Situated a dozen blocks from the Trade Center rubble, it's been closed to the public and converted into a 24-hour outpost for rescue workers. They can come in anytime, sit down be served free meals cooked by volunteer chefs and unload whatever it is they need to unload to make it through another overtime shift. Hardened cops shout out "Mama!" as they hug Nino Vendome's 78-year-old mother, Josephine, an Italian immigrant who seems to be inside the restaurant any hour of the day.
Its renown has now spread so widely that on Saturday afternoon, flamboyant-haired boxing promoter Don King dropped in for an hour with welterweight champion Felix Trinidad, scheduled to fight next Saturday, to serve food.
"You come here at night and it's magical," says general manager Nick Pasculli. "It's warm, quiet, there's a sense of family. We're providing a comfortable, safe home for these people. They walk in here and they can smile for the first time all day."
Wives of cops and firefighters and other rescue workers who fill the place at all hours often call Nino's, crying in gratitude, saying how their husbands "brag how sweet we are [with] them," says Eva Piccon, 26, who quit her marketing job a week ago to volunteer at Nino's full time.

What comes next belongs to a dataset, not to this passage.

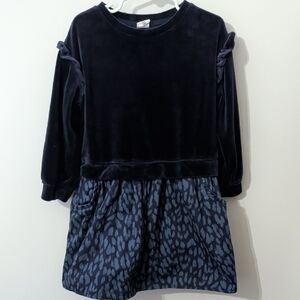 Dark navy velvet dress with animal print skirt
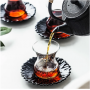 Black Tea Cup Saucer Sets Water Cafe Tea Glasses Espresso Coffee Tray Kit Heat-resistant Glass Tumbler Home Drinkware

She adds that volunteers have come off the street from Ohio, Oklahoma and California.
"It's just the spirit of the place -- it's small and comfortable, not large and dramatic," says Armando Urbina, a New York police officer who stops by often. "And the chairs are comfortable. Our main concern is our feet."
Vendome says the decision to turn the restaurant over to relief workers was "no decision. There was no thought process. It was just, `What can we do?' We can provide comfort and food. It's taken on its own life now."
Many of the restaurant's workers and volunteers have family and friends who are among the thousands still missing. Pasculli had 10 good friends who worked at the Trade Center. Chefs from Windows on the World, the Center's 107th-floor restaurant, have been cooking food "until they fall down," says Vendome.
Pat Brenna, serving salad and penne pasta and sausage and peppers and "some kind of veal thing" to what looks like a whole precinct of cops, said her nephew is missing.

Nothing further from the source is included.